• Task:
Leave out the images and repeat the listing below without a single change.
:: Available data
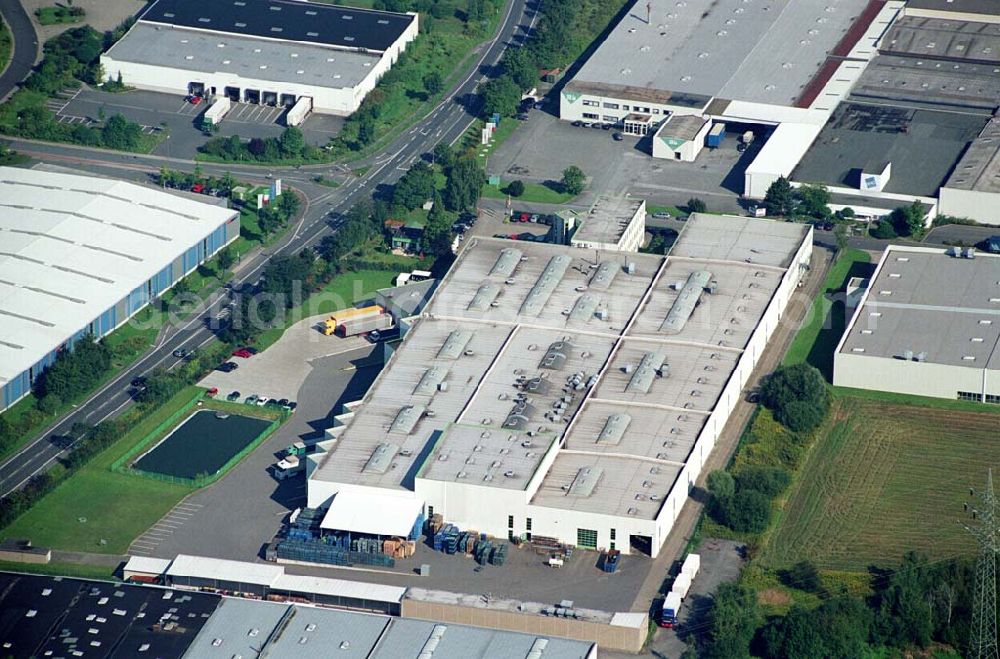 Bergkamen / NRW from above - Produktionshalle der Finnveden Bulten GmbH in Bergkamen.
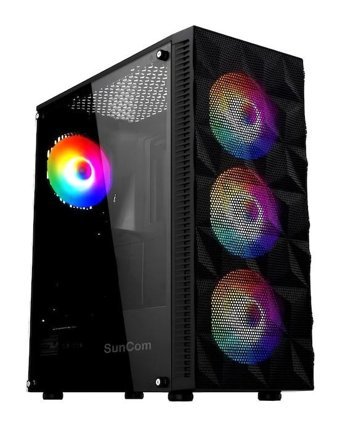 Suncom SG1-121 Harici GeForce GTX 1660 Super Intel Core i7 12400F 16 GB Ram 1 TB SSD Tower FreeDos Masaüstü Bilgisayar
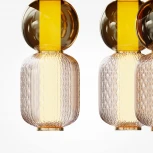 Потолочный светильник круглый Maytoni Drop MOD273CL-L60G3K (LED, 220V, шарики, круглые)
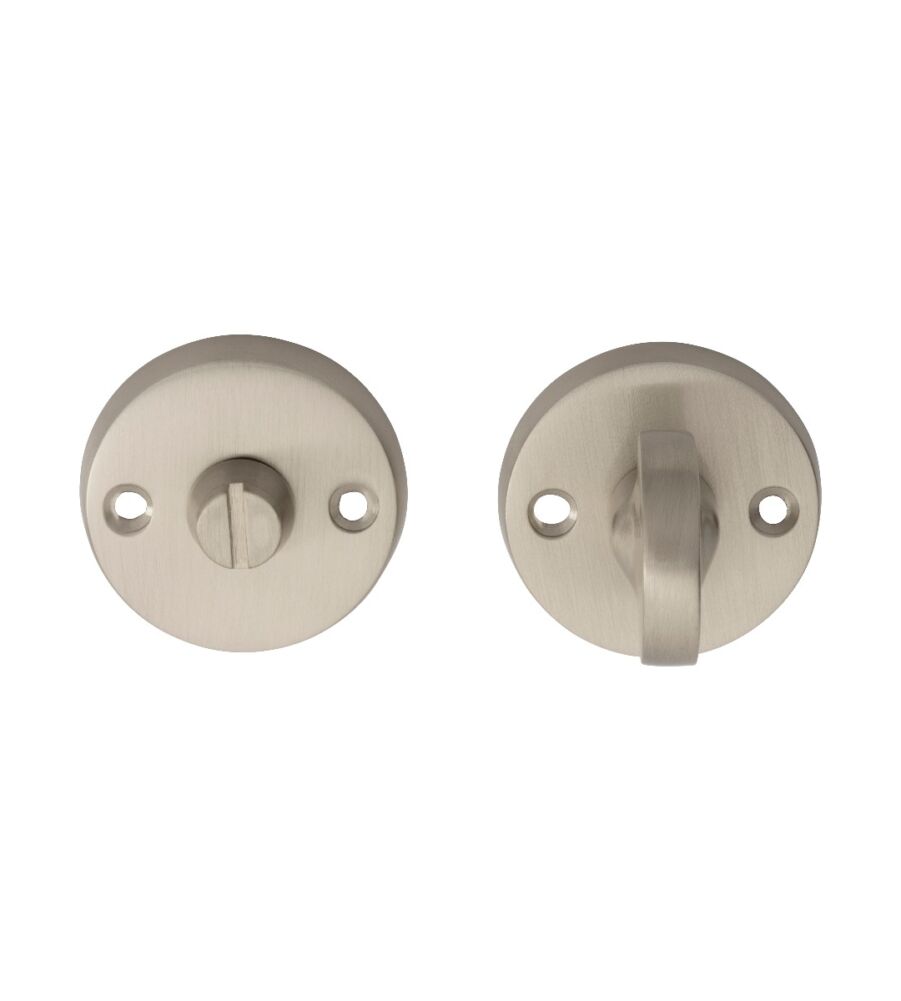 CARLISLE BRASS B12SN TURN & RELEASE ON FACE FIX ROUND ROSE (4.9 X 67MM SPINDLE) NIS (SATIN NICKEL) 45MM - SET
::::
• Result for this task:
 Bergkamen / NRW from above - Produktionshalle der Finnveden Bulten GmbH in Bergkamen.
 Suncom SG1-121 Harici GeForce GTX 1660 Super Intel Core i7 12400F 16 GB Ram 1 TB SSD Tower FreeDos Masaüstü Bilgisayar
 Потолочный светильник круглый Maytoni Drop MOD273CL-L60G3K (LED, 220V, шарики, круглые)
 CARLISLE BRASS B12SN TURN & RELEASE ON FACE FIX ROUND ROSE (4.9 X 67MM SPINDLE) NIS (SATIN NICKEL) 45MM - SET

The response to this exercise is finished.